1. This high spirit has passed into the soul of Christ's chief servants. The directors and pioneers, the martyrs and exemplars of our faith have no misgivings; the light of hope has ever been shining on their faces. They might be losing but their Commander was winning. The Cross might be surrounded with the smoke of battle, it was being carried forward to victory.
2. They were right in this conviction, but do not let us make any mistake about the nature of this triumph, else we shall be caught by delusions, and in the end be much discouraged. The kingdom of God will not come through organization but through inspiration. Its signs will not be the domination of a Church, but the regeneration of humanity.
II. Have there been no grounds for optimism? Has the splendid hope of Christ been falsified? One may complain that the centuries have gone slowly, and that the chariot of righteousness has dragged upon the road. But Christ has been coming and conquering. We are apt to be pessimists, not because the kingdom of God is halting, but because it has not raced, not because the Gospel has failed to build up native churches in the ends of the earth with their own forms, literature, martyrs, but because every man has not yet believed the joyful sound.
1. There are two grounds for the unbounded optimism of our faith, and the first is God. How did such ideas come into the human mind? Where did the imagination of the Prophets and Apostles catch fire, where is the spring of the prayers and aspirations of the saints? Whence do all light and love come? Surely from God.
2. The other ground for optimism is Jesus Christ. Does it seem that the perfect life for the individual and for the race is too sublime: that it is a distant; and unattainable ideal? Christ lived as He taught. He bade men lose their lives and He lost His; He bade men trample the world under foot, and He trampled it; He commanded men to love, and He loved unto death. This He did as the forerunner of the race. Why not again with Christ as Captain?
Only one institution in human society carries the dew of its youth; and through the conflict of the centuries still chants its morning song. It is the religion of Jesus.
J. Watson (Ian Maclaren), The Inspiration of Our Faith, p. 37.

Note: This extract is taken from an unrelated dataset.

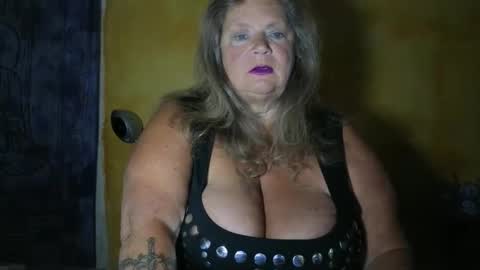 Snapshot of vampwoman chatting on May 24, 2026, 5:45 am vampwoman online show from May 24, 2026, 5:45 am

References. XXVIII. 18-20. R. Rainy, Christian World Pulpit, vol. xliii. 1893, p. 300. C. Gore, ibid. vol. lv. 1899, p. 248; vol. lvii. 1900, p. 283; vol. lxii. 1902, p. 6; see also Three Aspects of the Bible, p. 1. H. Hensley Henson, Christian World Pulpit, vol. lxii. 1902, p. 193. J. Foster, ibid. vol. lxviii. 1905, p. 67. Bishop Simpson's Sermons, p. 175. J. Grierson, Scenes and Interviews with the Risen Saviour, p. 247. H. P. Liddon, Easter in St. Paul's, vol. ii. p. 240. R. E. Hutton, The Crown of Christ, vol. ii. p. 153. W. J. Knox-Little, The Perfect Life, p. 289. Spurgeon, Sermons, vol. xx. No. 1200.
The Authority of the King
I. Consider first, the deposit of the Church. The one truth emphasized in this phase of the Missionary Manifesto is that of the absolute authority of Christ; His supremacy and sovereignty; the fact that He shares the throne of empire with none. The word here translated 'authority' does not suggest power in the sense of energy or might. The first intention of the word is that of the power of choice that is, the right to choose. Its second intention is that of the power of enforcement that is, the right to insist upon obedience. The third intention is that of the power of government that is, the right to utter the final verdict and to pass sentence.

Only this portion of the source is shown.